5uM thick formalin-fixed paraffin-embedded (FFPE) tissue sections for selected patient tumor samples were mounted on slides. Sections were deparaffinized at 60 °C for 30 min. and rehydrated using a standard histology protocol. Antigen retrieval was performed using an EDTA buffer (Cell Signaling, Danvers, MA) in Decloaking chamber at 120 °C for 2 min. The slides were stained using an Autostainer Plus (Agilent Dako) platform with TBST rinse buffer (Cell Signaling). The IHC slides were treated with 3% hydrogen peroxide for 5 min. The primary antibody, MFAP4 (Rabbit Polyclonal IgG; cat.# NBP2-30439, Novus Biological, Centennial, CO) was applied using a dilution of 1:200, at room temperature for 30 min. The detection applied, consisted of Mach 2 Rabbit, HRP (Biocare Medical, Pacheco, CA) for 20 min. at room temperature. The substrate, 3,3, Diaminobenzidine+ (Agilent Dako), was applied for 5 min. The slides were then incubated in Denature solution (Biocare Medical). The slides were then counterstained with Hematoxylin (Agilent Dako).

Flow cytometry analysis

Single-cell tumor suspensions were stained with Zombie NIR (Biolegend) labeling per the manufacturer’s protocol. Samples were washed with FACS buffer (0.2% BSA, 0.02% NaN3, PBS) and labeled for 20 min at 4 °C using the anti-human antibodies detailed in Supplementary Table 3. Data were acquired using LSR Fortessa cytometer (BD Biosciences) and analyzed using FlowJo version 10.6.1 software.

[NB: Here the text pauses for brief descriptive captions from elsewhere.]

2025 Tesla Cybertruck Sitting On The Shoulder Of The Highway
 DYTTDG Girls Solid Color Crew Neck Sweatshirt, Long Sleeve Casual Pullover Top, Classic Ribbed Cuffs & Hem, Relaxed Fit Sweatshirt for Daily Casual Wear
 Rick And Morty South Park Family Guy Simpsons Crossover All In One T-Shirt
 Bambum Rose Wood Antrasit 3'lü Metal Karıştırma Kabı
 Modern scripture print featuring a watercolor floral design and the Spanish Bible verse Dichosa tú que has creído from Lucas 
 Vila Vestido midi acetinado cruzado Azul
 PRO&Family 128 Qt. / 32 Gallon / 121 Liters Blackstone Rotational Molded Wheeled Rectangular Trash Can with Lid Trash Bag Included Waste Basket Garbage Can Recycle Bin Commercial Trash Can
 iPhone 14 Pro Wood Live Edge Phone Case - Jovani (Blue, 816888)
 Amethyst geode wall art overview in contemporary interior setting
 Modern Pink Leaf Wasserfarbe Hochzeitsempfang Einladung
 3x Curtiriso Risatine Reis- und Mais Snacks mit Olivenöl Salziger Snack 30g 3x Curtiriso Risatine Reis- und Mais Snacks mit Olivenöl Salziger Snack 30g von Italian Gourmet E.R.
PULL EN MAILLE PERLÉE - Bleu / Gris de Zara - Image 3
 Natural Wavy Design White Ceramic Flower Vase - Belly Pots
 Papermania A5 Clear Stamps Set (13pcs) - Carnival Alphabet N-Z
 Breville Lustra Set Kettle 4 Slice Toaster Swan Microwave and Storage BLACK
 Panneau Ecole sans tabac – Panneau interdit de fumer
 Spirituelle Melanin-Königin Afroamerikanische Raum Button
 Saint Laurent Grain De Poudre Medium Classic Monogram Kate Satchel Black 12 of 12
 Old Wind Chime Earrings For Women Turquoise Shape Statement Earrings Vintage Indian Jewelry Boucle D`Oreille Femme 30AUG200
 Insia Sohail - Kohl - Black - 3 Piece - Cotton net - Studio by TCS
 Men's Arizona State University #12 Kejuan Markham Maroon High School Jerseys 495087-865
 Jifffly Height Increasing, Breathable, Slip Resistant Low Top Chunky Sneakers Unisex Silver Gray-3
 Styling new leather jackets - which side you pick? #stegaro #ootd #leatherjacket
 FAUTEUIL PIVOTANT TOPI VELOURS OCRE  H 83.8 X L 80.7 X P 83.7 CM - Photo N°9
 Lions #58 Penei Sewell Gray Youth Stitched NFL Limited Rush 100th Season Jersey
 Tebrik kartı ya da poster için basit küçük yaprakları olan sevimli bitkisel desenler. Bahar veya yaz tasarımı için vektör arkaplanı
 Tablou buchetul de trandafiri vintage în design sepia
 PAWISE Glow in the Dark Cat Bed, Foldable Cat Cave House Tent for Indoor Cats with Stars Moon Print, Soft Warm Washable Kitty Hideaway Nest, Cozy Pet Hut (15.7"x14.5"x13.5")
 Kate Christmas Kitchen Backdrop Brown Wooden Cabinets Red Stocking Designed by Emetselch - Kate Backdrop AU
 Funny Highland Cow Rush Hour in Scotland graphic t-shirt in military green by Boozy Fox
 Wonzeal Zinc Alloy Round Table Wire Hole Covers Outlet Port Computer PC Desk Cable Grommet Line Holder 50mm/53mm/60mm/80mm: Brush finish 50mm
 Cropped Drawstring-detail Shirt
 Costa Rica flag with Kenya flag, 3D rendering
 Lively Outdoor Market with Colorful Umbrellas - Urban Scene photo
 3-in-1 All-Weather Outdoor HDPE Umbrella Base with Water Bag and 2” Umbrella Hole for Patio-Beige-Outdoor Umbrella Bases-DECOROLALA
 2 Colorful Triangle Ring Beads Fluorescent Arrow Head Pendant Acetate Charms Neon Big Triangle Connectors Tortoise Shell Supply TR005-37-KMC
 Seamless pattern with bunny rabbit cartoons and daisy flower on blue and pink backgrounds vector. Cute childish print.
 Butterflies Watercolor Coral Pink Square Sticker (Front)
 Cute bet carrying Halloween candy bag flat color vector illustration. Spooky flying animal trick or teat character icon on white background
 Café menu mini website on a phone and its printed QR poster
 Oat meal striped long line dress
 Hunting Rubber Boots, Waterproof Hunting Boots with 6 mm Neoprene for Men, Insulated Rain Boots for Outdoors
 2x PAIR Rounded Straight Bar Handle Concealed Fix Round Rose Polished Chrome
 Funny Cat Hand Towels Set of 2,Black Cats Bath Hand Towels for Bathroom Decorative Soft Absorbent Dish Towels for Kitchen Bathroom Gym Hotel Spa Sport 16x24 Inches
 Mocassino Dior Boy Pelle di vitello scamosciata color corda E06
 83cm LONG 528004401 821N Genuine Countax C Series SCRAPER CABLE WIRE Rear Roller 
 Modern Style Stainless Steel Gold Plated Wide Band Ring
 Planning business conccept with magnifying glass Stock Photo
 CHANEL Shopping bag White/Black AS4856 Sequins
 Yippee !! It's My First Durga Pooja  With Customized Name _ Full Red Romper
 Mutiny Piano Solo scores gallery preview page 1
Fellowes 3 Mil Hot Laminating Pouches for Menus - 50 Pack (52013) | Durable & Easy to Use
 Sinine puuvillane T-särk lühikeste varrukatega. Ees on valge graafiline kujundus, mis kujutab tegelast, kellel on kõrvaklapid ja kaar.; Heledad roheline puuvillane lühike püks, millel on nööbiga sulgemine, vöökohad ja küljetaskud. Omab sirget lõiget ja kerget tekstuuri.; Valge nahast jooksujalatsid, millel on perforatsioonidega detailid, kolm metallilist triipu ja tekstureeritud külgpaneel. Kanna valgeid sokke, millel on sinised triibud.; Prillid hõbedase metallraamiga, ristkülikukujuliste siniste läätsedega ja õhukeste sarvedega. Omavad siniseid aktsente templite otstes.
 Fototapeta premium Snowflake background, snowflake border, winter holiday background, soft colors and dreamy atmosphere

Vectra staining and imaging

Multispectral immunohistochemistry was performed on 5uM thick FFPE tissue sections using Akoya Manual 7 color IHC kit (Cat# NEL811001KT). Briefly, tissues were deparaffinized followed by 7 cycles of antigen retrieval, blocking, primary antibody followed by secondary- HRP and Opal staining9. Panel markers and dilutions used are listed in Supplementary Table 4. Imaging was performed at ×20 on the Vectra Polaris 3.0.

Analysis of multispectral immunofluorescence images

Images were inspected using Akoya InForm® (v2.4.6) and Phenochart™ (v1.0)(Akoya Biosciences, Inc.) to select ROIs consisting of both tumor and peritumoral/stromal regions. Channels were spectrally unmixed and exported as multi-channel composite TIFF files for data analysis in QuPath (v0.2.3), including cell segmentation by watershed algorithm and classification of marker positive/negative cells using a machine learning approach68. Briefly, a small number of positive/negative cells (30–50 per class per ROI) were manually selected from multiple ROIs as the training set to build a Random Forests model, which was then used to predict all remaining cells. Tumor/peritumoral/stromal compartment annotation was performed using pixel classification by pan-CK intensity signals. Measurement matrices consisting of centroid position (x,y), per-channel intensity, and class label of phenotyped cells were exported and further processed in R (v4.0.3). PD-L1+ cell density was calculated as the number of PD-L1+ cells divided by CD68+ cells, PanCK+ cells, or all cells from each compartment. Distance between CD68+PD-L1+ or pan-CK+PD-L1+ cell subsets to CD3+CD8+CD68 cell subsets was computed using the nearest neighbor algorithm with Euclidean distance, defined as the smallest distance between each CD68+PD-L1+ or pan-CK+PD-L1+ cell to CD3+CD8+CD68 cell within the same compartment. Differences in mean PD-L1 intensity per ROI between groups of interest were tested using a linear mixed-effects model based on restricted maximum likelihood in R (lme469 (v1.1.26)), with cell type (CD68+PD-L1+, pan-CK+PD-L1+) as the fixed effect and individual patient as the random effect. Contrasts of cell subsets were performed using t-tests with the Benjamini–Hochberg FDR adjustment for multiple comparisons. Marker intensities were log-transformed before statistical testing. All tests are two-sided unless otherwise noted.

Reporting summary

Further information on research design is available in the Nature Research Reporting Summary linked to this article.